» **INFORMATION SUPPLIED**:
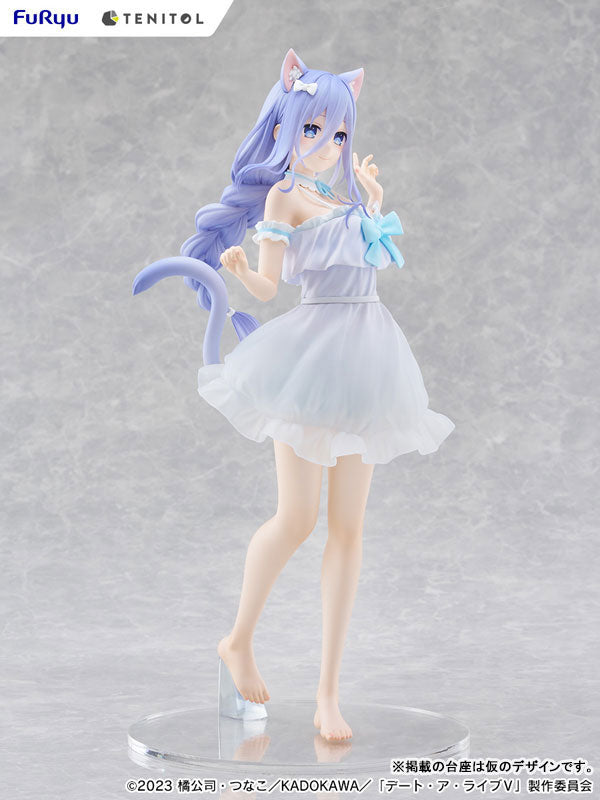 PRE-ORDER FuRyu - TENITOL TALL - Date A Live V - Mio Takamiya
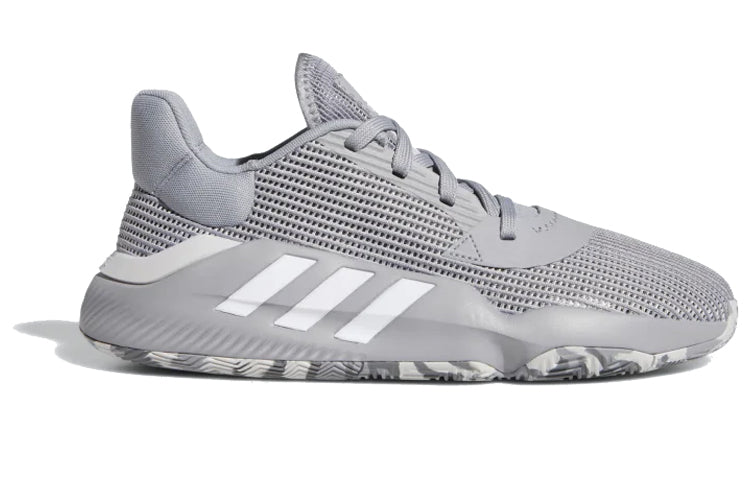 adidas Pro Bounce 2019 Low 'Light Onix Grey' EE3899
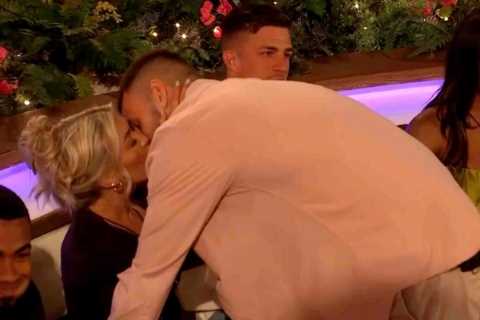 Love Island’s fan favourite task returns as sexiest one yet kicks off explosive rows after..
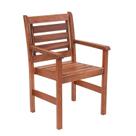 Banco com Encosto 1 Lugar 58cm X 89cm Ecograndis Jardim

» **WORK TASK**:
I would like the data copied exactly as it stands, with no pictures included.

» **EXERCISE OUTPUT**:
 PRE-ORDER FuRyu - TENITOL TALL - Date A Live V - Mio Takamiya
 adidas Pro Bounce 2019 Low 'Light Onix Grey' EE3899
 Love Island’s fan favourite task returns as sexiest one yet kicks off explosive rows after..
 Banco com Encosto 1 Lugar 58cm X 89cm Ecograndis Jardim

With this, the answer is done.